Mitchell: Ich weiß jetzt nicht, ob Sorgen das richtige Wort ist. Aber für mich steht völlig außer Zweifel, dass die Augsburger Panther in die DEL gehören. Als Spieler, Trainer oder Sportdirektor ist es in meinen Augen legitim zu sagen, dass man hier oder dort seine schönste Zeit erlebt hat. Als ich selbst noch gespielt habe, war das definitiv in Bad Nauheim, wo auch mein Sohn zur Welt gekommen ist. Als Trainer beziehungsweise Sportdirektor hatte ich hingegen meine schönste Zeit in Augsburg. Aus diesem
Grund hoffe ich auch, dass die Panther im weiteren Saisonverlauf die Abstiegsplätze noch verlassen und den Klassenerhalt schaffen.
Welche Auswirkungen hätte Ihrer Meinung nach ein Del-abstieg für den Eishockey-standort Augsburg?
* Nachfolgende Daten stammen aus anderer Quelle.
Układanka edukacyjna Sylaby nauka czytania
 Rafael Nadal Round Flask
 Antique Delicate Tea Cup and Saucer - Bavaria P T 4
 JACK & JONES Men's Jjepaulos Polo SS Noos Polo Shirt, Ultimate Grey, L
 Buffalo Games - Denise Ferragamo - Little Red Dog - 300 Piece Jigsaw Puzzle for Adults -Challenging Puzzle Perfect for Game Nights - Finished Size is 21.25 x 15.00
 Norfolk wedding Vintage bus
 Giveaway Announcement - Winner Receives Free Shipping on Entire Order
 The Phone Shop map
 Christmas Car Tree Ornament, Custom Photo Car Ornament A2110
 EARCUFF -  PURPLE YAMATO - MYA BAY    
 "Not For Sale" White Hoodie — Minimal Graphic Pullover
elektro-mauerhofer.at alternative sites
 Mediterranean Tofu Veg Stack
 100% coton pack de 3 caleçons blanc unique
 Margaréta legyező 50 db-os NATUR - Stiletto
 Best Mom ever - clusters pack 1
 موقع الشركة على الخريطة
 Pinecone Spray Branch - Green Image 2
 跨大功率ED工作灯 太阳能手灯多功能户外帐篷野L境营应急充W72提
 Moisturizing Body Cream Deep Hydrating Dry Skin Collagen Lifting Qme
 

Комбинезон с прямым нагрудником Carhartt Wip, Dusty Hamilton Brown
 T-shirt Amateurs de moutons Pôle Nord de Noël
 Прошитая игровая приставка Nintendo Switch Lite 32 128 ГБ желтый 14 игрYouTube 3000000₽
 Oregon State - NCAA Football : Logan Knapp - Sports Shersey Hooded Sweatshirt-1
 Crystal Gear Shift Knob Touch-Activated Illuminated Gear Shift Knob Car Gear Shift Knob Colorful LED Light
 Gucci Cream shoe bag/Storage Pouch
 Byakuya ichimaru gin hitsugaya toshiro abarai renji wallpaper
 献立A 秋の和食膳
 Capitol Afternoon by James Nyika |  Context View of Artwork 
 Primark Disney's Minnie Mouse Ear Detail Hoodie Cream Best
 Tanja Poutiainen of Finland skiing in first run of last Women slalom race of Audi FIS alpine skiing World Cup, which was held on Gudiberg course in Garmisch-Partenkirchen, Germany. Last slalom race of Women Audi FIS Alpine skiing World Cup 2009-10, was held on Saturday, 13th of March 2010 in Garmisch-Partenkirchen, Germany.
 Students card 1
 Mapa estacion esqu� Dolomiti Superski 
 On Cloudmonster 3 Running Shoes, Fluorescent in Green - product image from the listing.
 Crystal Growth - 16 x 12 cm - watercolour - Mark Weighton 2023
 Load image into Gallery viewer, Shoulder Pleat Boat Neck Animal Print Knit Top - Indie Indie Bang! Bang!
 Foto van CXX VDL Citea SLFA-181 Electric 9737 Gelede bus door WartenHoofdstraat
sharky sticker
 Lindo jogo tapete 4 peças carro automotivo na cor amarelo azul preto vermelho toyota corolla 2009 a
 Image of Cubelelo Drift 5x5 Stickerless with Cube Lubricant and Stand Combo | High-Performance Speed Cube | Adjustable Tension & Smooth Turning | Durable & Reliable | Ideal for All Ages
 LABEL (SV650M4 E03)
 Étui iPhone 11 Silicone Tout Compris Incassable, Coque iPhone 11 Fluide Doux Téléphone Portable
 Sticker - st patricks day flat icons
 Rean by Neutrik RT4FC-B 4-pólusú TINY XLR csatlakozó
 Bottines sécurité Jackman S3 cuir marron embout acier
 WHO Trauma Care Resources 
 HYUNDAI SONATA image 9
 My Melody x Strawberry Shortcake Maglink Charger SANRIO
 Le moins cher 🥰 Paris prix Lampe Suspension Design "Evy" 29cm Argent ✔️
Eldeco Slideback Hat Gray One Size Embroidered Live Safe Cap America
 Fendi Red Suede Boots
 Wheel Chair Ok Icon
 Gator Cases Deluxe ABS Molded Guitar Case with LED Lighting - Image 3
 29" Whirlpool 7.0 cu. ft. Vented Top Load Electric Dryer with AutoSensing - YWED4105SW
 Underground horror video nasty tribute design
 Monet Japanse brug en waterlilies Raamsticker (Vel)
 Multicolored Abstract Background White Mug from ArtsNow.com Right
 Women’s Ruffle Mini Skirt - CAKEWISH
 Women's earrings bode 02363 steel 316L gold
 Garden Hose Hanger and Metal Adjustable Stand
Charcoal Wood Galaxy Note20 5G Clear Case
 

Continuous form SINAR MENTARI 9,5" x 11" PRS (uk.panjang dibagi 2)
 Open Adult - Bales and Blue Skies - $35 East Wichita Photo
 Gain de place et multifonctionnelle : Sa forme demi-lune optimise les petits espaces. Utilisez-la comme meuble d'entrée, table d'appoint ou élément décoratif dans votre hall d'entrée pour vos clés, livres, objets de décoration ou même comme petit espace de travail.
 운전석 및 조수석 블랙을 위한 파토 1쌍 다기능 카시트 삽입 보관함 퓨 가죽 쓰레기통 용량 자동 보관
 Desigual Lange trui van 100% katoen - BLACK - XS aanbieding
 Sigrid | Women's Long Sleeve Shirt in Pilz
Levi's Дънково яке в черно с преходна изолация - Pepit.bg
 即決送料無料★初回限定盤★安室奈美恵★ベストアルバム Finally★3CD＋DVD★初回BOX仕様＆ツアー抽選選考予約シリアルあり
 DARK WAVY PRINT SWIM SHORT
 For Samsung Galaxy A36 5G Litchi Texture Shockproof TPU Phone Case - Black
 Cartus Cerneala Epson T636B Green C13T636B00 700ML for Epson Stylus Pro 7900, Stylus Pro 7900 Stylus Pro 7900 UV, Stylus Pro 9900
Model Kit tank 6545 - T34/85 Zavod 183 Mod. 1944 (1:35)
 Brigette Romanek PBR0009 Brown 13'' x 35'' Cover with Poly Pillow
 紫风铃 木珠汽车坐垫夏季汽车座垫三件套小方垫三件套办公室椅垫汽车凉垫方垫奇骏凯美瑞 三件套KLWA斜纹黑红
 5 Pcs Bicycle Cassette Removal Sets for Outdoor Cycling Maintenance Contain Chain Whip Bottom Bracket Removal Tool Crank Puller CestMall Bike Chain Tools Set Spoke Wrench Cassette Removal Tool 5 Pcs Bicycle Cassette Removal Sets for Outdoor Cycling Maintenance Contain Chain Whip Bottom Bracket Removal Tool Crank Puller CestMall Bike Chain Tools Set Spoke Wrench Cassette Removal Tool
Nachdem ich mittlerweile doch zu weit weg bin, ist das schwierig für mich einzuschätzen. Aber ich sage es nochmals: Ich muss nicht eine Sekunde überlegen, um zu sagen, wo Augsburg als Gründungsmitglied sportlich hingehört: in die DEL! Wenn man sieht, wie sich die Panther in all den Jahren entwickelt haben beziehungsweise was Lothar Sigl in den zurückliegenden rund drei Jahrzehnten für das Eishockey in Augsburg geleistet hat, wäre es unfassbar schade, wenn der AEV am Ende absteigen müsste.
Nachdem Ihr Abschied vom ERC Ingolstadt bekannt wurde, fiel in den darauffolgenden Monaten Ihr Name immer wieder in Zusammenhang mit den Augsburger Panthern. War für beide Seiten eine erneute Zusammenarbeit tatsächlich eine ernsthafte Option?
Mitchell: Ich bin ein Mensch, der Dinge, die im Hintergrund laufen, nicht kommentiert. Aber klar, ich habe diese Dinge natürlich auch gelesen und wurde häufig darauf angesprochen, ob ich denn nun als Sportdirektor, Cheftrainer oder sogar als Assistenzcoach von Peter Russell nach Augsburg zurückkehren würde. Ich habe darauf immer die Wahrheit gesagt, sprich: Dass das nicht stimme, ich bislang noch nirgends unterschrieben habe und mich nach wie vor auf der Suche nach einem neuen Arbeitgeber befinde. Mit meiner Unterschrift beim EHC Kloten hat jeder gesehen, dass das keine Lüge war.
Zur Person
Larry Mitchell arbeitete von 2007 bis 2014 als Trainer und Manager in Personalunion bei den Augsburger Panthern. Nach der Trainer-station in Straubing (2014 bis 2017) war er zwischen 2017 und 2022 als Sportdirektor beim ERC Ingolstadt tätig.